Copy exactly the lines of the records below, starting at the line that contains "Epistemic (In) Justice" and continuing through the last line, both included; omit any pictures.

Information:
──────
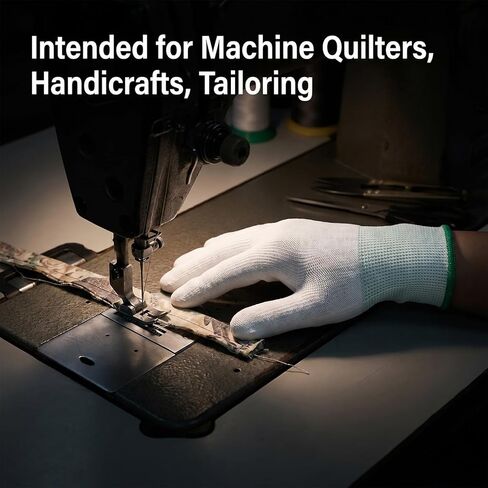 4 Pcs Quilting Gloves for Quilters, White Quilting Gloves for Free-Motion Sewing Machine Glove Lightweight Nylon Fabric Glove for Free-Motion Quilters Sewing Crafting, 2 Pairs in Kuwait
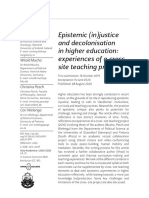 Epistemic (In) Justice and Decolonisation in Higher Education Experiences of A Crosssite Teaching Project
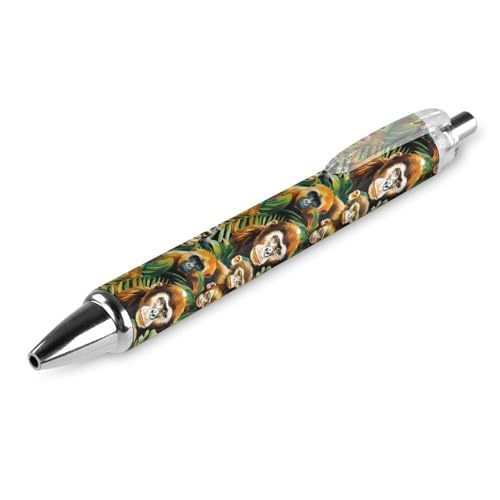 QIJIUU Tropical Monkey Kugelschreiber, lustig, gemustert, einziehbar, schwarz, runder Schaft, feine Spitze, 0,5 mm, 1 Stück von QIJIUU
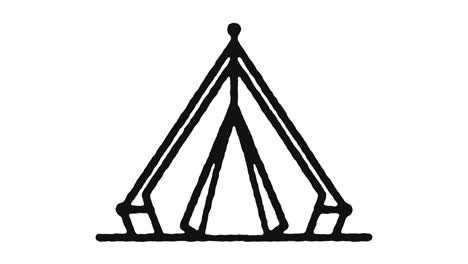 camp tent icon animation footage & alpha channel
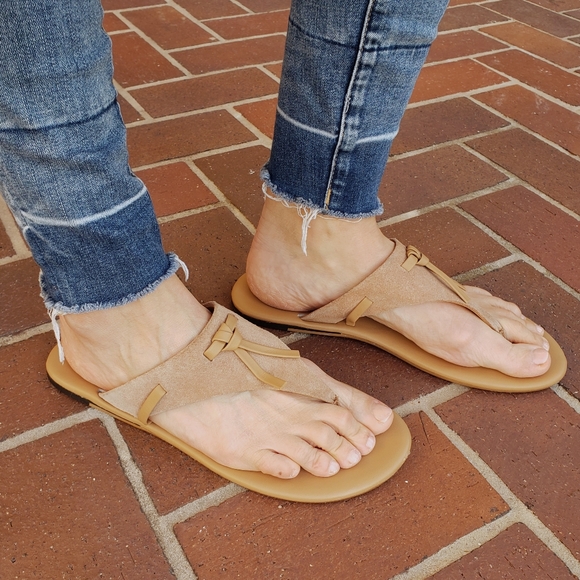 Anthropologie Lace-Up Casual Tan Brown Suede Leather Flip Flop Thong Sandals 10 - Picture 3 of 13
──────
Exercise solution:
 Epistemic (In) Justice and Decolonisation in Higher Education Experiences of A Crosssite Teaching Project
 QIJIUU Tropical Monkey Kugelschreiber, lustig, gemustert, einziehbar, schwarz, runder Schaft, feine Spitze, 0,5 mm, 1 Stück von QIJIUU
 camp tent icon animation footage & alpha channel
 Anthropologie Lace-Up Casual Tan Brown Suede Leather Flip Flop Thong Sandals 10 - Picture 3 of 13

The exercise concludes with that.